Tension was high, security was weak and a bitter handover of power was under way when violent intruders forced the people’s representatives to stop their debate and cower on the floor.
Future generations of Americans will identify this as a description of events at the Capitol in Washington DC on 6 January 2021. For Spaniards, however, it fits an earlier moment in history – an assault on Madrid’s parliament, the Congreso de los Diputados, on 23 February 1981.
Spain’s attackers – reactionary followers of the dictator General Francisco Franco, who had died six years earlier – were also led by men in silly hats, although Lieutenant Colonel Antonio Tejero was sporting the patent leather tricorn of Spain’s civil guard paramilitary police force rather than a pair of buffalo horns.
Comparisons mostly end there. Tejero was waving a real weapon. Some of the 200 soldiers and civil guards with him peppered the debating chamber ceiling with machine-gun fire.
This was a proper coup attempt, not a shambolic human tidal wave containing costumed followers of an egomaniacal conspiracy theorist. In Spain, tanks rolled down the streets of the eastern city of Valencia to support the coup. Some people began packing for exile. Others worried about firing squads, recalling the techniques employed by Franco.
Reactions in the Spanish debating chamber were also different. The outgoing prime minister, Adolfo Suárez, and the deputy prime minister for defence affairs, General Manuel Gutiérrez Mellado, refused orders to hit the floor, while the latter angrily commanded the armed assailants to desist. They ignored him.
The communist leader, Santiago Carrillo, was the only other deputy to remain in his seat, slouching calmly and chain-smoking. “Old, disobedient and smoking away,” is how Javier Cercas describes him in his masterpiece of literary non-fiction, The Anatomy of a Moment. “He understands that if he survives the gunfire, the golpistas [coup leaders] will execute him.”
In Spain, there was no need to urge the head of state to make a television address condemning the assault.

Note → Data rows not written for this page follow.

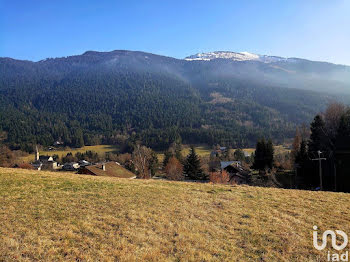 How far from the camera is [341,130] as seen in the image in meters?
32.1

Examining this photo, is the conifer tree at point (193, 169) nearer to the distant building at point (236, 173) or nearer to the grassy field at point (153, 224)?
Answer: the distant building at point (236, 173)

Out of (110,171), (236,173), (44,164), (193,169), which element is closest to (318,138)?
(236,173)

King Juan Carlos organised that himself, donning his commander-in-chief uniform and rebuking the “actions or attitudes of anyone who wants to interrupt by force the democratic process … voted on by the Spanish people”.
He did not say, like Donald Trump, “We love you. You’re very special.” Yet it seems Juan Carlos may also have unwittingly encouraged the plotters in advance, since many were convinced he was on their side. “In the King’s name!” some shouted during the assault.

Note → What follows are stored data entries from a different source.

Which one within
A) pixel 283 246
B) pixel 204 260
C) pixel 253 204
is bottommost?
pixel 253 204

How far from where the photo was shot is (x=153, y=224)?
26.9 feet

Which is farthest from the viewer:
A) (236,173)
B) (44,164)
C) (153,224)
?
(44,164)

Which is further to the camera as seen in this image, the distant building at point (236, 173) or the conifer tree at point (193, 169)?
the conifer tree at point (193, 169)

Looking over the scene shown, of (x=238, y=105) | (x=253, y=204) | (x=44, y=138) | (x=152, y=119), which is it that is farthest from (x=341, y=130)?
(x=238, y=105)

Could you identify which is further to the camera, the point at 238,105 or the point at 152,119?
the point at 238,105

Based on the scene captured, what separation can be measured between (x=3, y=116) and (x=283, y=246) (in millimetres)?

Those who stormed the Spanish parliament thought a military junta was ready to take over, led by a mysterious figure known as White Elephant (probably the now deceased former royal aide, General Alfonso Armada).
When the gunmen burst in (failing to turn off a TV camera that recorded the whole thing), there were good reasons to believe people would die, but in the end nobody was hurt. White Elephant did not reveal themselves and, after 18 hours holding the deputies hostage, the attackers surrendered. The coup had flopped.

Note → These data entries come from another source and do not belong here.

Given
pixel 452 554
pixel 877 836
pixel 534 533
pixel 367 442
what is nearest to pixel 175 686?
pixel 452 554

I once met a musician who claimed that, during his military service, he had taken part in the coup. He recalled being bundled into a truck and deposited outside the parliament building, but he sneaked off to buy cigarettes while his unit awaited orders. When he returned, they had gone. A policeman told him they had entered the parliament building, so he ran in and joined them. For Spaniards, then, there was a spooky element of deja vu in the scenes transmitted live from Washington on Wednesday, not least because they combined real danger with farce.
The good news, though, is that Spain’s coup was an end, not a beginning. When it failed, Spaniards realised they no longer had to fear an army that had been the backbone of Franco’s regime. Democracy and its institutions proved resilient, just as they have in the United States. The assailants went to jail, even if their shadowy backers mostly escaped identification and retribution.
In fact, apart from a few frights in the 1980s, Spain has barely witnessed any further military stirrings in the post-Franco era – until last month. In a 6 December “patriotic” letter, 34 aged generals and admirals, and hundreds of other ex-officers, claimed the Socialist-Podemos coalition government led by Pedro Sánchez was intent on imposing a form of communism.
Publication of the letter, which was also signed by the 1981 coup plotter Major Ricardo Pardo and one of Franco’s grandsons, followed revelations of a group Whatsapp chat among retired officers in which one participant wrote that “there is no other choice but to start executing 26 million sons-of-bitches”.
The reactionary old Spanish military officers clearly feel emboldened by a global normalisation of far-right, anti-democratic rhetoric, but their threats are empty. A year after the failed 1981 coup, Spaniards voted in their first leftwing government since the 1930s. The socialist prime minister Felipe González stayed in power for 14 years, overseeing a remarkable and solid transformation in Spain.
The trauma, then, need not last. In fact, an incident like this can be purifying and clarifying. For Spain it marked the limits of violence and the definitive end of the rotten era of Francoism.
In time, one can only hope the events in Washington on 6 January may seem just the same.